TASK DETAILS: Where does the word "plate" occur in the material? Copy each line that has it.
RECORDED DATA section start
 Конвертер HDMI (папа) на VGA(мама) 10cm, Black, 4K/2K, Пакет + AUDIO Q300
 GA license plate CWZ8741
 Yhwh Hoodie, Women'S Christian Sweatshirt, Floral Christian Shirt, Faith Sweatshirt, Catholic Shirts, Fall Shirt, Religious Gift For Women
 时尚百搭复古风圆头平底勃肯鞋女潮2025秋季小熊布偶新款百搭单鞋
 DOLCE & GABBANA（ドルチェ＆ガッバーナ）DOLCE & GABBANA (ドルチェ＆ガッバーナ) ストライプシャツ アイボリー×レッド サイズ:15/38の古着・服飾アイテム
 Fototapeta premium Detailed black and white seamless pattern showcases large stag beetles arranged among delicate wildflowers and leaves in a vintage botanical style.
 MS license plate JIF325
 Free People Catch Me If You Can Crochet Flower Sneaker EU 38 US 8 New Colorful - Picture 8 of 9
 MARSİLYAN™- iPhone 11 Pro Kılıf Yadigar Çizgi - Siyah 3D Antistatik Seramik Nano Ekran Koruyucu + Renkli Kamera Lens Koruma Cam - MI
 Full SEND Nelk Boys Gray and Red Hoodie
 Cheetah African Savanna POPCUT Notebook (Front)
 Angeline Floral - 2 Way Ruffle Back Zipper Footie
RECORDED DATA section end
ANSWER FOR THE TASK:
 GA license plate CWZ8741
 MS license plate JIF325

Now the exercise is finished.